「コンドウさんのところにお金を取りに行こうと思う。押し込みみたいな形なんだけど」——。
白血病で闘病する妹へのリンパ球提供を目前に控えた男性に襲い掛かった、身勝手極まりない男たち。彼らは、被害者を自宅のソファに縛り付けたまま、奪ったキャッシュカードの金でギャンブルに狂うというあまりにも常軌を逸した犯行に及んだ(※文中の登場人物はすべて仮名)。
借金帳消しを狙う身勝手なシナリオ
平成18年(2006年)の春、千葉県松戸市。住宅リフォーム業を営むハシヅメシュン(当時42歳)の資金繰りは、彼自身のバカラ賭博などの浪費によって完全に破綻していた。

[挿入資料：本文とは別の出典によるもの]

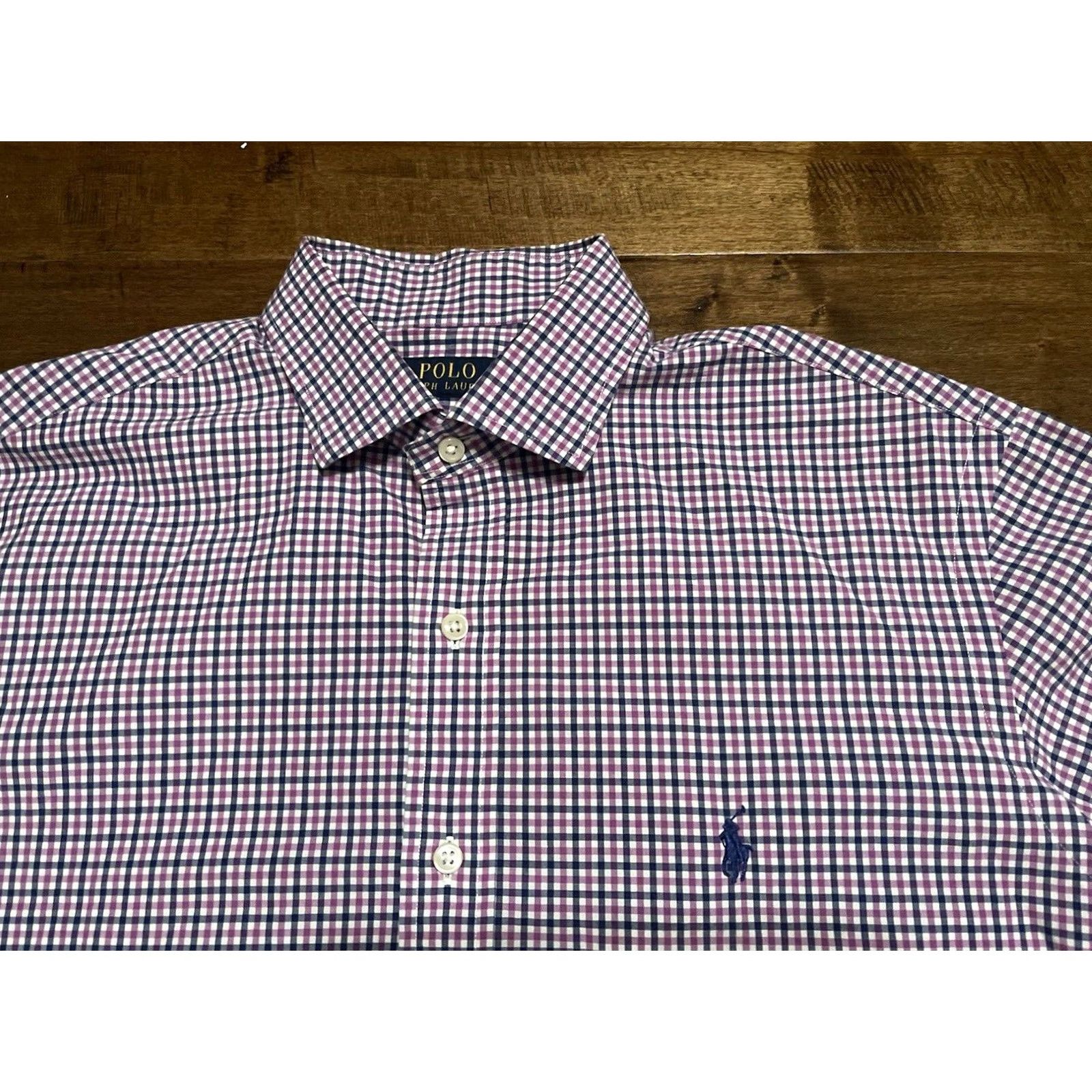 Polo Ralph Lauren x2 Polo Ralph Lauren Shirt Button Up L/S Cutaway Collar Gingham Multicolor Mens Large Size US L / EU 52-54 / 3 - 2 Thumbnail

知人のコンドウミナトさん(当時47歳)から、借りた550万円の返済を早めるよう求められたハシヅメの脳裏に、「彼を殺害して借金を帳消しにし、金品も奪おう」という凶悪な思考が浮かび上がる。ハシヅメは自社の部下であるナカニシユウ(当時59歳)を誘い、犯行の準備を進めた。
4月17日の夜、2人はコンドウさんの自宅へと侵入する。しかし、ハシヅメは“強盗”を犯すのではなく、強盗に入られたと偽装する“狂言強盗への協力”を持ちかけた。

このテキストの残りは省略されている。